BASEES Annual Conference 2026

Non-Binary Vocabulary in Slavic Languages: From Use to Codification

Sat11 Apr11:15am(15 mins)
Where:
Muirhead Tower 415
Presenter:

Authors

Boris Kern2; Anna Jamka1; Sofia Azovtseva3; Lujza Urbancová1; Olga Kasperek11 University of Warsaw, Poland;  2 ZRC SAZU, University of Nova Gorica, Slovenia;  3 Foundation for Polish Science, Poland, Poland

Discussion

LGBTQ+ vocabulary is among the most dynamic semantic domains in contemporary language. Over the past decade in particular, it has undergone significant change: new lexemes have been coined for existing concepts (often motivated by considerations of social responsibility), new forms have emerged to capture previously unnamed realities, and established words have expanded their meanings through processes of semantic shift.

This paper focuses on a specific subset of LGBTQ+ vocabulary—terms relating to non-binary identities—in six Slavic languages: Slovene, Croatian, Polish, Czech, Slovak, and Ukrainian. As this lexical field has so far received little attention in Slavic linguistics, and almost none from a comparative perspective, the study aims to address an important research gap.

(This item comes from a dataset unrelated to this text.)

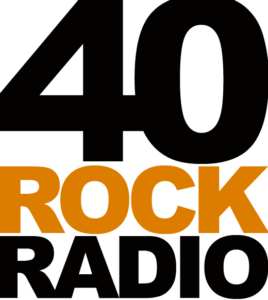 40ROCK Radio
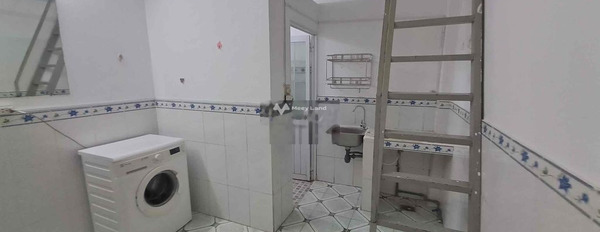 Diện tích 30m2 cho thuê phòng trọ giá thuê cực sốc từ 3.3 triệu/tháng-02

The material for analysis will be drawn from two primary sources: (a) corpora containing texts with LGBTQ+ content, and (b) glossaries published by LGBTQ+ organisations and other groups promoting inclusive practices. Because such content is highly politicised in many societies, the study deliberately excludes derogatory or pejorative terms used to label non-cisnormative individuals and concepts. Instead, the focus is on the lexicon of trans and non-binary identities, as well as on metalinguistic innovations that mark attempts to introduce trans-inclusive language practices.

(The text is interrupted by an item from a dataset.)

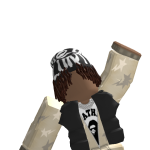 @FoxyBxar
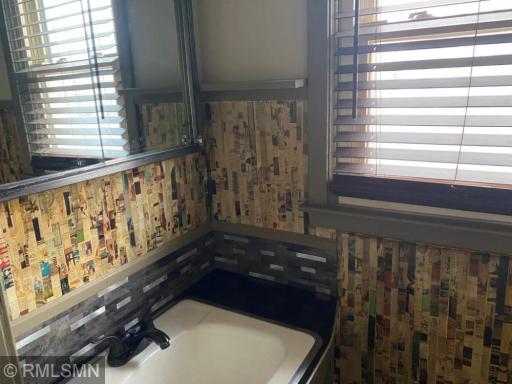 311 N 3rd Street, Goodhue, MN 55027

The analysis will consider the presence and treatment of this vocabulary in both general and specialized corpora, paying particular attention to strategies of lexical formation: borrowing versus native creation, calquing versus citation, and single-word coinages versus multi-word constructions.

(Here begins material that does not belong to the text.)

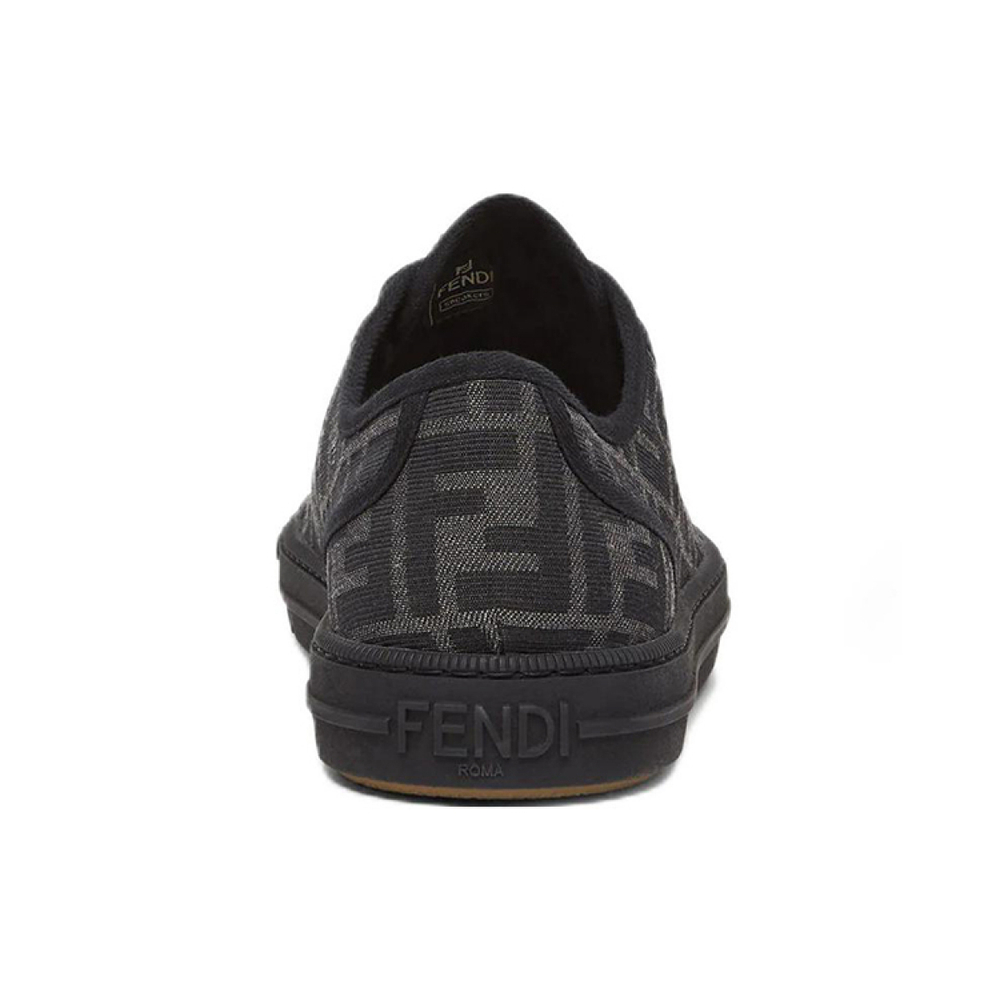 FENDI Domino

The aim of the paper is to identify which lexical innovations have emerged in the past decade, and to examine how (and to what extent) they are already being registered in contemporary dictionaries of the selected Slavic languages, especially in recent dictionaries of neologisms. The findings will contribute a cross-linguistic perspective on how Slavic languages accommodate rapid developments in LGBTQ+ vocabulary, with implications for both linguistic theory and applied lexicography.